Barclays Plc now sees the key rate rise to 5.50% by September from an earlier forecast of mid-2023. This will signal that rates have reached neutral territory, said its India-based economist Rahul Bajoria, referring to a level where rates can help control inflation without stifling economic growth. It maintained its projection for the terminal rate at 5.75%.

“From a bond markets perspective, a lot of this is already priced in,” Quantum Asset’s Pathak said. Benchmark 10-year bonds capped their first monthly gain this year in July and extend the rally ahead of the policy review. Yields are down nearly 40 basis points from the three-year high of 7.6% seen in June.

Rupee, Liquidity

As the rupee hit a series of lows in recent months, falling from $80 to $1 in July, it retreated amid signs of a return in foreign fund inflows. Dovish signals from the monetary authority may not suit forex traders.

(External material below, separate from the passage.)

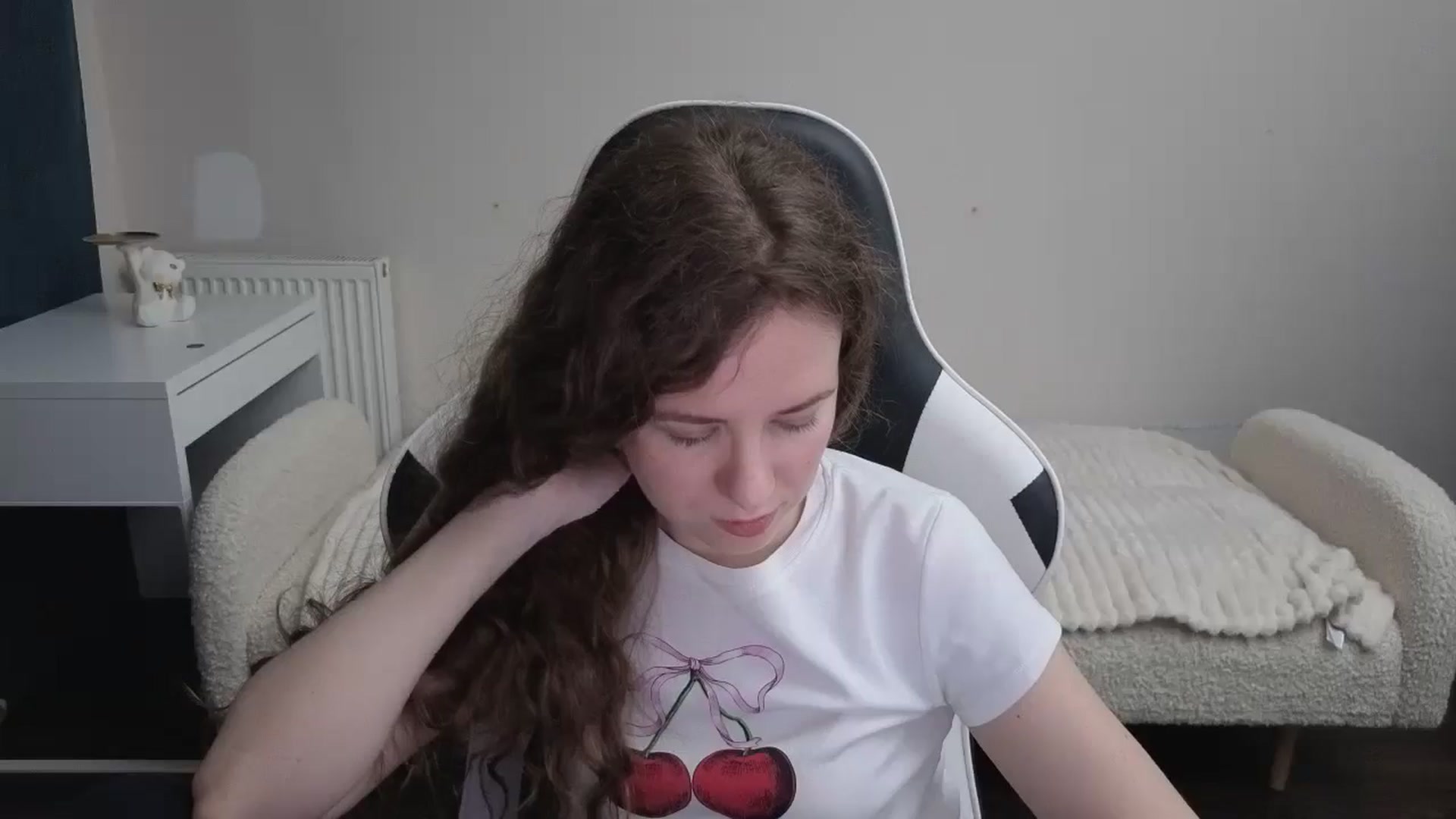 Gallery image thumbnail from BlueFlowerr's myfreecams stream on, 01/24/2026, 22:07 image 20 of 20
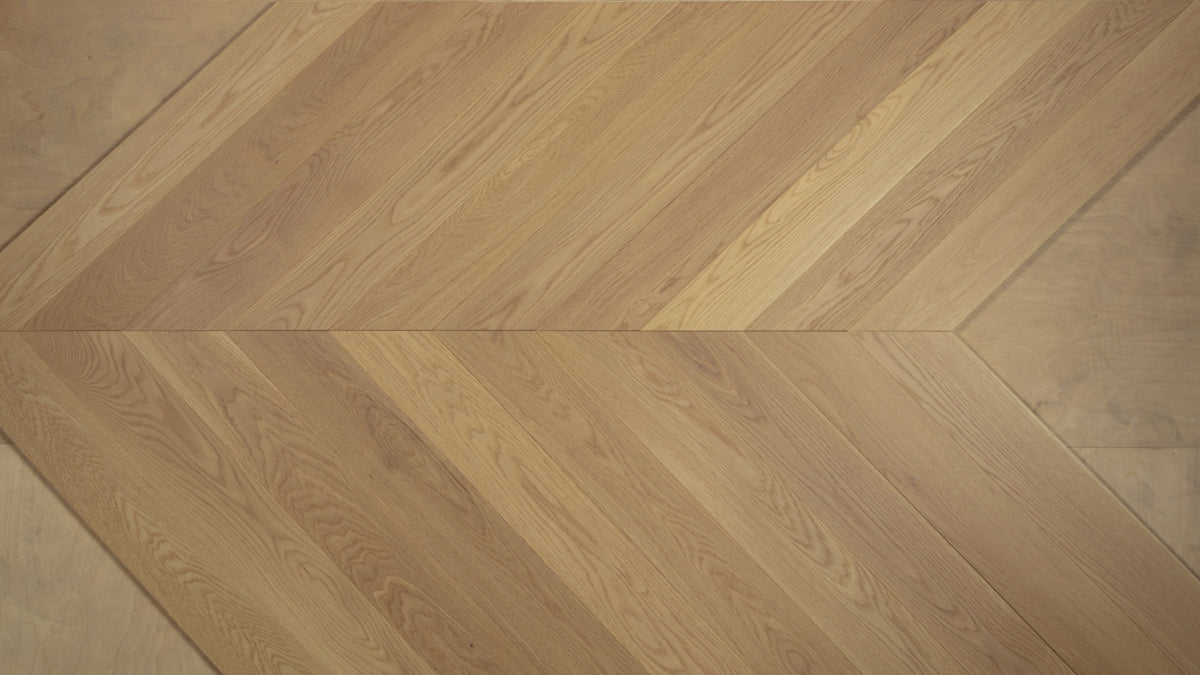 Amber Grain (Honey Wheat) American White Oak Chevron 5″ engineered hardwood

“RBI should keep an eye on interest rate differentials with the US to curb any buildup of speculative pressures on the INR, triggered by low implied yields that reduce the cost of shorting the rupee” , said Prasanna Ananthasubramanian, chief economist of ICICI Securities Primary Dealership Ltd. written in a note. “If RBI and MPC take a dovish stance, the risk of deeper declines in the rupiah becomes greater.”

Markets will also seek assurances from the RBI that there is sufficient liquidity and that the central bank is ready to implement measures to address any strains.

The central bank should continue to focus on prices and not worry about the weakness of the rupee which is at a “pretty good level”, ex-RBI governor Raghuram Rajan said in an interview on Bloomberg Television’s Balance of Power With David Westin on Wednesday. “If you focus on controlling inflation, the exchange rate finds the appropriate level.”